1, the main ingredients: five-flower pork, preserved mustard greens, broth.
2, auxiliary ingredients: broth, oyster sauce, star anise, ginger, water starch, garlic, oil, salt, sugar, soy sauce.
3, dried plum cabbage with rice water soaked 12 hours in advance, and then use water to wash the small sand inside, and then chopped.
4: Put the whole piece of pork into a pot of cold water and bring to a boil over high heat. Skim off the froth, then add the cooking wine (1 teaspoon, 5 ml) and cook over low heat for about 30 minutes until fully cooked, i.e., chopsticks can be easily inserted into the meat. Remove from the heat, dry the skin with kitchen paper towels, rub with soy sauce while it is still hot, and cut into 3cm cubes.

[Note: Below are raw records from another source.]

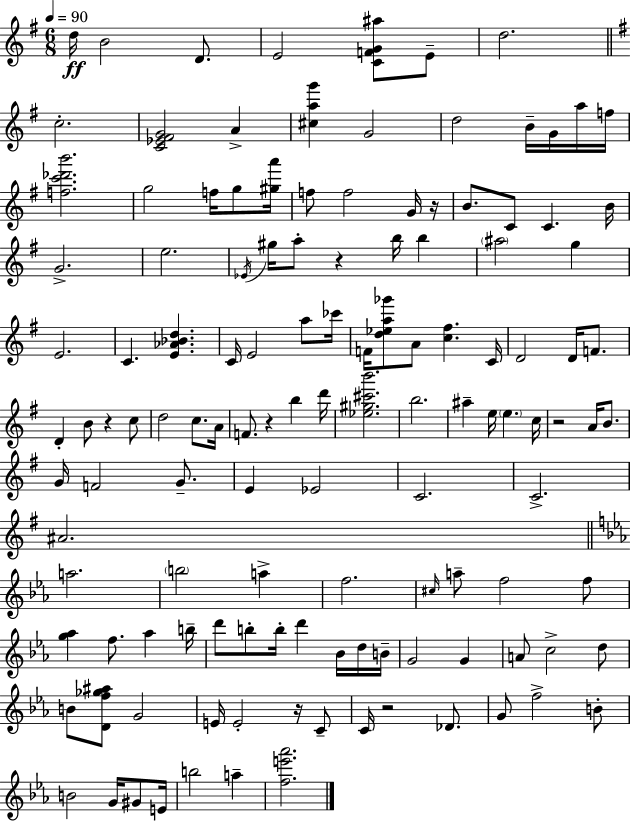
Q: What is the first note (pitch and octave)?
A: D5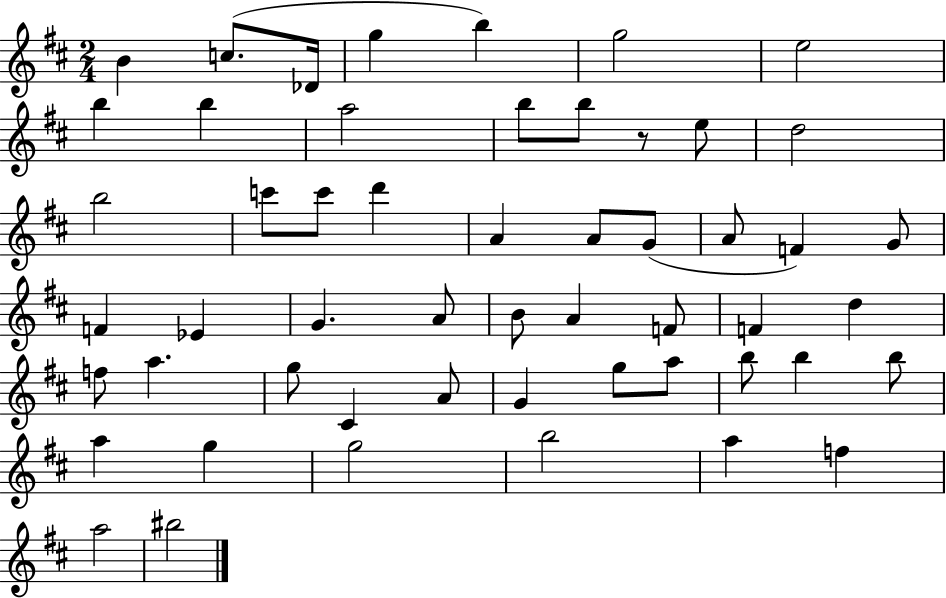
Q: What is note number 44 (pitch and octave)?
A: B5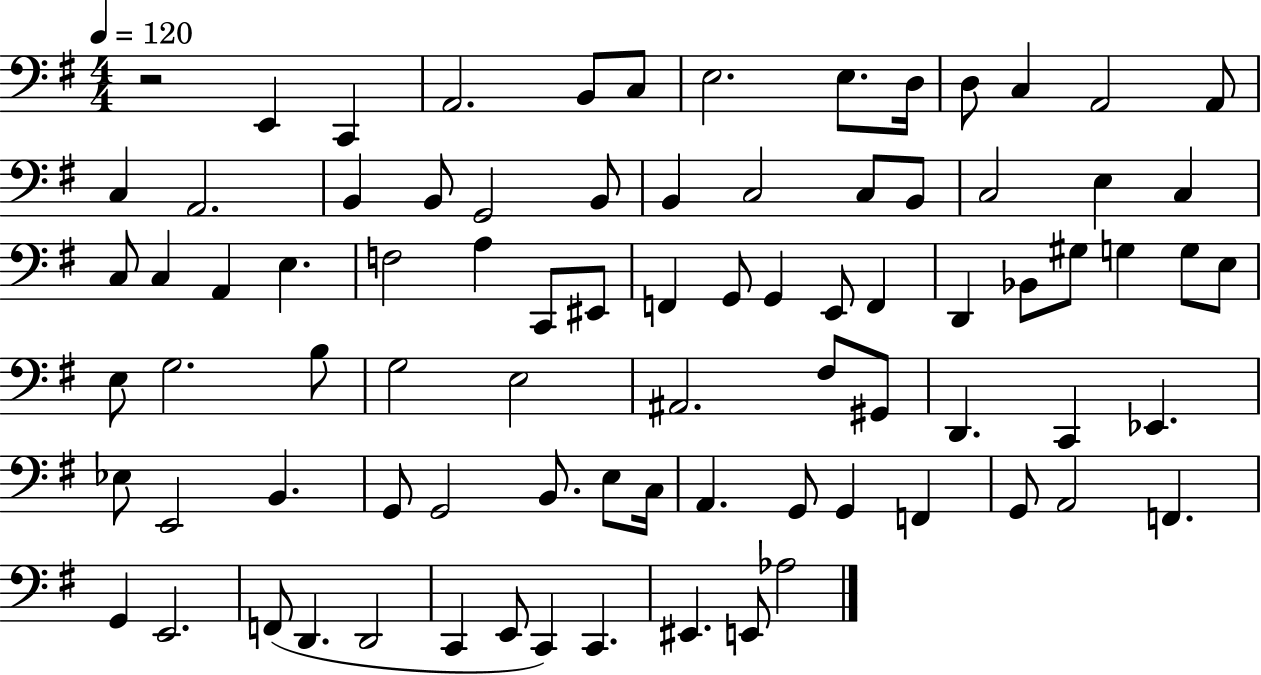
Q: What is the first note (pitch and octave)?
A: E2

5. Heat the oil in a wok over medium heat. When it reaches 60 percent, stir-fry the pork, scallions, ginger, and spices for about 3 minutes, then stir-fry the remaining cooking wine, sugar, and salt until well blended.
6, put the appropriate amount of water (about 300ml) and chopped dried plums in the pot, bring to a boil over high heat, then turn down the heat and slowly simmer for 30 minutes, and then pick out the scallion pieces, ginger slices and seasonings.
7, the five-flower meat pieces skin down neatly yard in a large bowl, and then pour the dried plum cabbage and soup together on top, so that the dried plum cabbage evenly spread on the five-flower meat pieces.
8. Boil the water in the steamer over high heat, then place the large bowl in the steamer and steam over high heat for 30 minutes. Remove the large bowl from the steamer, invert the plate over the large bowl, and then flip the large bowl and plate together so that the pancetta and dried plums in the large bowl are inverted onto the plate.